On 20 Oct 2021, at 07:40, Kyotaro Horiguchi <horikyota.ntt@gmail.com> wrote:

At Tue, 19 Oct 2021 02:44:03 -0700, Anders Kaseorg <andersk@mit.edu> wrote in

On 10/19/21 01:34, Kyotaro Horiguchi wrote:

I tend to agree to this, but seeing ssh ignoring $HOME, I'm not sure
it's safe that we follow the variable at least when accessing
confidentiality(?) files. Since I don't understand the exact
reasoning for the ssh's behavior so it's just my humbole opinion.

According to https://bugzilla.mindrot.org/show_bug.cgi?id=3048#c1, it
used to be supported to install the ssh binary as setuid. A
setuid/setgid binary needs to treat all environment variables with
suspicion: if it can be convinced to write a file to $HOME with root
privileges, then a user who modifies $HOME before invoking the binary
could cause it to write to a file that the user normally couldn’t.

There’s no such concern for a binary that isn’t setuid/setgid. Anyone
with the ability to modify $HOME can be assumed to already have full
control of the user account.

Thansk for the link. Still I'm not sure it's the fact but it sounds
reasonable enough. If that's the case, I vote +1 for psql or other
commands honoring $HOME.

Is the proposed change portable across all linux/unix systems we support?
Reading aobut indicates that it's likely to be, but neither NetBSD nor FreeBSD
have the upthread referenced wording in their manpages.

--
Daniel Gustafsson https://vmware.com/

#8Anders Kaseorg
andersk@mit.edu
In reply to: Daniel Gustafsson (#7)
Re: [PATCH] Prefer getenv("HOME") to find the UNIX home directory

On 10/20/21 04:55, Daniel Gustafsson wrote:

Is the proposed change portable across all linux/unix systems we support?
Reading aobut indicates that it's likely to be, but neither NetBSD nor FreeBSD
have the upthread referenced wording in their manpages.

Since the proposed change falls back to the old behavior if HOME is
unset or empty, I assume this is a question about convention and not
literally about whether it will work on these systems. I don’t find it
surprising that this convention isn’t explicitly called out in every
system’s manpage for the wrong function, but it still applies to these
systems.

POSIX specifies that the shell uses the HOME environment variable for
‘cd’ with no arguments and for the expansion of ~. This implies by
reference that this behavior is required of wordexp() as well.

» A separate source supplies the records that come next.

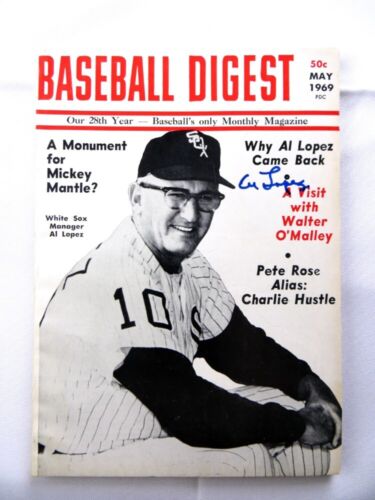Magazine dédicacé signé Al Lopez Baseball Digest 1969 White Sox JSA AG39525 - Photo 1/4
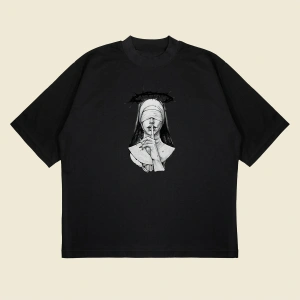 Hush, Sister! Baskılı Oversize Unisex Pamuklu Nefes Alan Kalın Kumaşlı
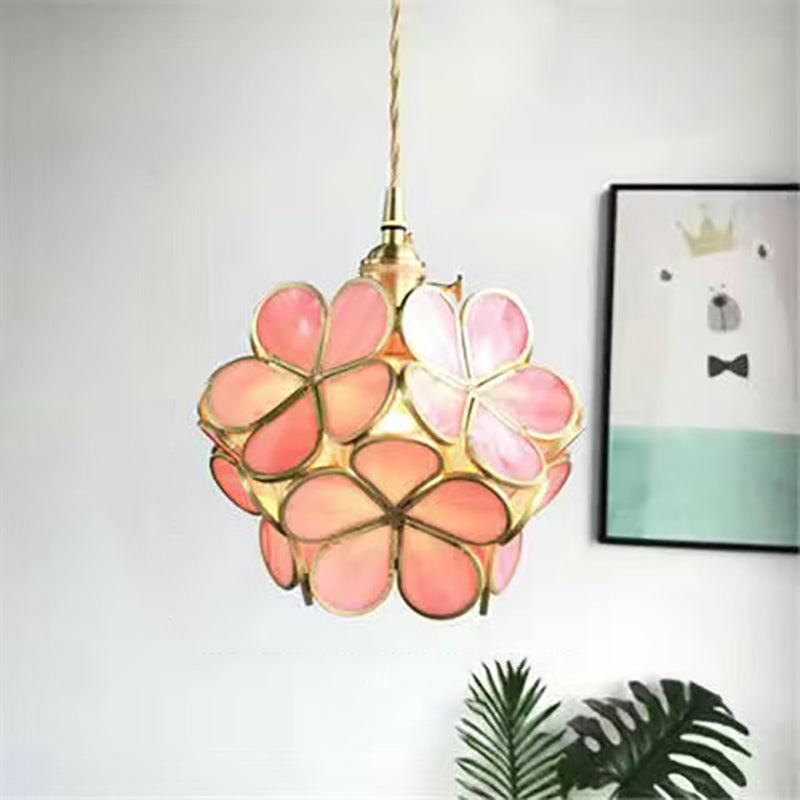 Modern Art Deco Brass Petal Glass Shade 1-Light Pendant Light For Living Room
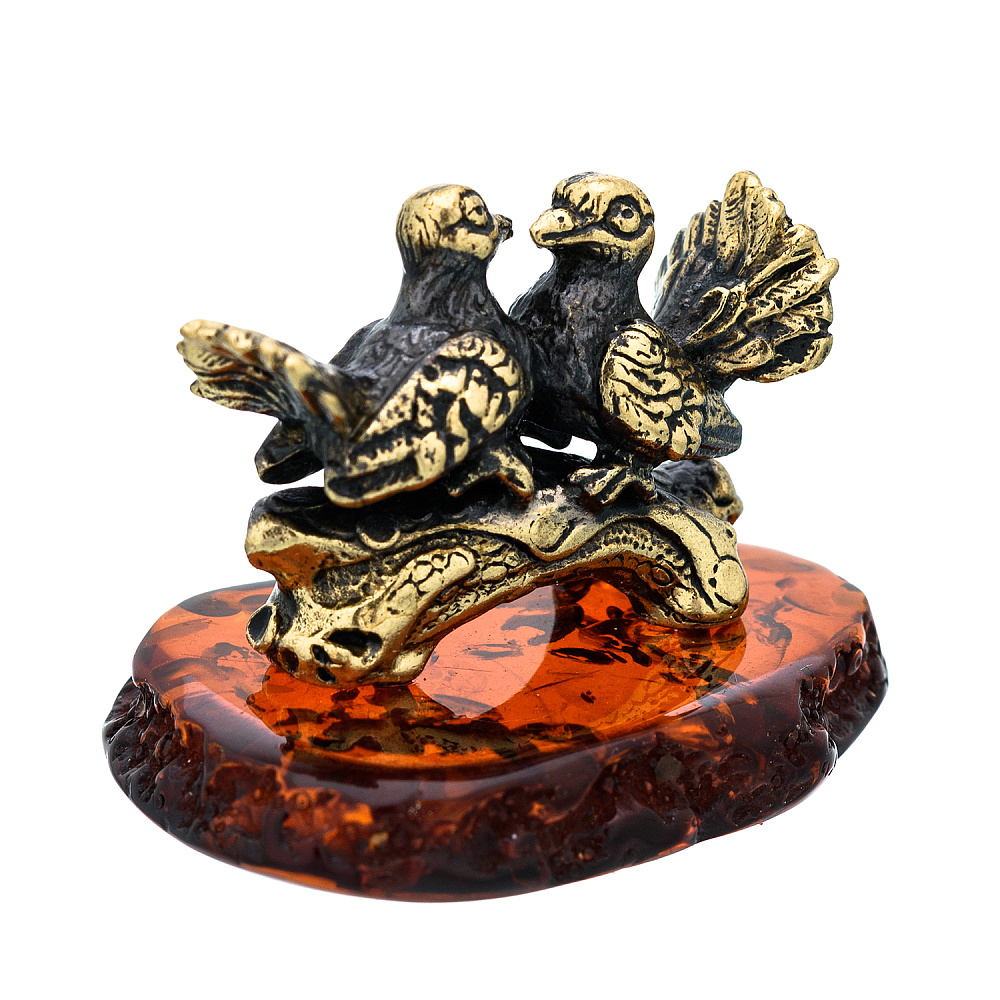 Статуэтка с янтарем «Голубки» - интернет магазин Русь Велика я фото 3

https://pubs.opengroup.org/onlinepubs/9699919799/utilities/cd.html
https://pubs.opengroup.org/onlinepubs/9699919799/utilities/V3_chap02.html#tag_18_06_01
https://pubs.opengroup.org/onlinepubs/9699919799/functions/wordexp.html

libc’s glob() and wordexp() respect HOME in glibc, musl, NetBSD, and
FreeBSD.

https://sourceware.org/git/?p=glibc.git;a=blob;f=posix/glob.c;hb=glibc-2.34#l622
https://sourceware.org/git/?p=glibc.git;a=blob;f=posix/wordexp.c;hb=glibc-2.34#l293

https://git.musl-libc.org/cgit/musl/tree/src/regex/glob.c?h=v1.2.2#n203
https://git.musl-libc.org/cgit/musl/tree/src/misc/wordexp.c?h=v1.2.2#n111

https://github.com/NetBSD/src/blob/netbsd-9/lib/libc/gen/glob.c#L424
https://github.com/NetBSD/src/blob/netbsd-9/lib/libc/gen/wordexp.c#L129-L150
https://github.com/NetBSD/src/blob/netbsd-9/bin/sh/expand.c#L434-L441

https://github.com/freebsd/freebsd-src/blob/release/13.0.0/lib/libc/gen/glob.c#L457
https://github.com/freebsd/freebsd-src/blob/release/13.0.0/lib/libc/gen/wordexp.c#L171-L190
https://github.com/freebsd/freebsd-src/blob/release/13.0.0/bin/sh/expand.c#L396

(Today I learned that musl and BSD libc literally spawn a shell process
to handle wordexp(). Wow.)

Anders

#9Chapman Flack
chap@anastigmatix.net
In reply to: Anders Kaseorg (#1)
Re: Is my home $HOME or is it getpwent()->pw_dir ?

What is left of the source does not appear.